**Data extract**

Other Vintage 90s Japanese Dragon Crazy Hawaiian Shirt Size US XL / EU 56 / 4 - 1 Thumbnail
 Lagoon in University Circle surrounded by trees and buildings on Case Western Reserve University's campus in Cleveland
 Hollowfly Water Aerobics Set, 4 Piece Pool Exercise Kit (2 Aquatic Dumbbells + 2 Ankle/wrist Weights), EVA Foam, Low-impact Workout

**Work to complete**
Write the data out again. Match it word for word.

**Reply to the exercise**
Other Vintage 90s Japanese Dragon Crazy Hawaiian Shirt Size US XL / EU 56 / 4 - 1 Thumbnail
 Lagoon in University Circle surrounded by trees and buildings on Case Western Reserve University's campus in Cleveland
 Hollowfly Water Aerobics Set, 4 Piece Pool Exercise Kit (2 Aquatic Dumbbells + 2 Ankle/wrist Weights), EVA Foam, Low-impact Workout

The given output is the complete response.